Ward Howard

Dr. Ward Spruill Howard uses space and ground-based telescopes to investigate high-cadence, multi-wavelength emission from large stellar flares called "superflares" across the sky. He is currently PI of the TESS Guest Investigator Programs GO 3174 (Multi-Wavelength Superflares and Planetary Habitability) and 4132 (Probing Impulsive Events in Huge Flares at High Cadence). He is also working in Dr. Adam Kowalski's research group to understand the relationships between stellar flare emission from the X-ray into the millimeter.

He is a NASA Sagan Fellow hosted at the University of Colorado Boulder.
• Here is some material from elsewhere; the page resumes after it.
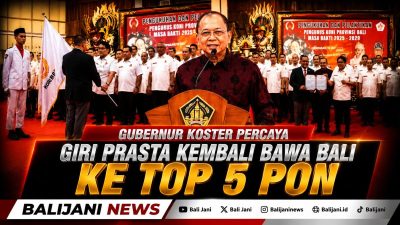 Gubernur Koster Percaya Giri Prasta Kembali Bawa Bali ke Top 5 PON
Dr. Howard carried out the first multi-year, high-cadence superflare survey of hundreds of the brightest and nearest M-dwarfs in the Southern sky. The survey was performed with Evryscope-South, an array of small optical telescopes at CTIO in Chile. One of these large flares was detected from Proxima Centauri, which hosts the nearest-potentially habitable exoplanet. The "Proxima Superflare" would have delivered potentially germicidal levels of UV radiation to the surface of an unprotected planet at the distance of Proxima b. He completed his PhD in Physics and Astronomy at UNC Chapel Hill in Spring 2021. His dissertation is entitled, "Investigating exoplanet habitability and the stellar magnetism of cool stars across half the Southern sky via superflares, starspots, and stellar rotation".